A slightly more accurate summary of Tom Christiansen's excellent answer there wo...

lloeki · on July 8, 2011

That said, his HTML chunker is, dare I say, gorgeous.

If that is an example of what should not be done, I wish there was more of them like that around.

Besides, lexing HTML in 234 lines grand total, most of them being whitespace, (169 SLOCs according to sloccount) is impressive. Writing even a basic non regex-based parser is bound to take quite some space.

To me the real conclusion is not: "don't try to parse random HTML using regexes" but "don't try to write your own wide-purpose HTML parser".

Or, as Tom put it in his SO answer:

> The correct and honest answer is that they shouldn’t attempt [trying to parse arbitrary HTML] because it is too much of a bother to figure out from scratch

jerf · on July 8, 2011

"Besides, lexing HTML in 234 lines grand total, most of them being whitespace, (169 SLOCs according to sloccount) is impressive."

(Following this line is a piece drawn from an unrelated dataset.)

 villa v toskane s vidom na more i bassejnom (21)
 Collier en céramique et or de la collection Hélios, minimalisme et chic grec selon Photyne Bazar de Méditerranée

I mean no disrespect at all to tchrist, but it isn't impressive at all; not because tchrist is wrong, but because lexing isn't hard. If you understand the problem, you can almost literally read the lexer right off the standard; indeed, that's part of the purpose of the standard. Look at it (taking HTML4 here as it's easier to see): http://www.w3.org/TR/html401/types.html#h-6.2 You can literally read off the lexer expression for ID and NAME right from 'must begin with a letter ([A-Za-z]) and may be followed by any number of letters, digits ([0-9]), hyphens ("-"), underscores ("_"), colons (":"), and periods (".").'

Generally, if you're having a hard time putting a lexer together for some language you're creating (bearing in mind this includes the broader definition of "language" beyond just "programming language", which includes things like JSON or text formats you may create ad hoc), that's a sign that you've got an overcomplicated language on your hand. (Hi, C++! I see you over there!)